● Required action: The output should be every line below that includes the word "image".

▼▼▼

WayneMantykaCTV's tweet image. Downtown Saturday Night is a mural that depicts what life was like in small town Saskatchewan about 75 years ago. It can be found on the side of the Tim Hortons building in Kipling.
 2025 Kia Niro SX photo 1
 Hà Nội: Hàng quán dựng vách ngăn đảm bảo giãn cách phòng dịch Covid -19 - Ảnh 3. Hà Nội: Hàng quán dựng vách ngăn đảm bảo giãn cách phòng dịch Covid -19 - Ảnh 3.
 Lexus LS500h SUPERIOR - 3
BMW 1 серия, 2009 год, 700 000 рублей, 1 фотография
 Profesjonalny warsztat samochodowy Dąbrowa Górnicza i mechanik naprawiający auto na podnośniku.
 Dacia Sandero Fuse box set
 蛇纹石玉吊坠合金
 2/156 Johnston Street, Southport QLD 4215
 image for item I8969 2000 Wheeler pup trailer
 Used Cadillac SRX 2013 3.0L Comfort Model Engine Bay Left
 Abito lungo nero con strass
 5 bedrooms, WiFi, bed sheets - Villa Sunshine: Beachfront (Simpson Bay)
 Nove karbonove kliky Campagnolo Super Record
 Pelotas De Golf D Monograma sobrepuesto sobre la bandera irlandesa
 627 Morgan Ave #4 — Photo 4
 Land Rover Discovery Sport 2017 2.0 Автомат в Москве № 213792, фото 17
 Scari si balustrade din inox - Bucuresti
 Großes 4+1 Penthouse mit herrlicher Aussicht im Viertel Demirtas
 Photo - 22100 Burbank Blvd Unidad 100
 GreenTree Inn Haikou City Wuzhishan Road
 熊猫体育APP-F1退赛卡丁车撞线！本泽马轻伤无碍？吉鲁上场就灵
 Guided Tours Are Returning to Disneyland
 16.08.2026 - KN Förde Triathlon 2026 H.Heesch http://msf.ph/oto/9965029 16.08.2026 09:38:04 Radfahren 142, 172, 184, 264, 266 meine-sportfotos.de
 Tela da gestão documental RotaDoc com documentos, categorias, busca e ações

▲▲▲

● Exercise response:
WayneMantykaCTV's tweet image. Downtown Saturday Night is a mural that depicts what life was like in small town Saskatchewan about 75 years ago. It can be found on the side of the Tim Hortons building in Kipling.
 image for item I8969 2000 Wheeler pup trailer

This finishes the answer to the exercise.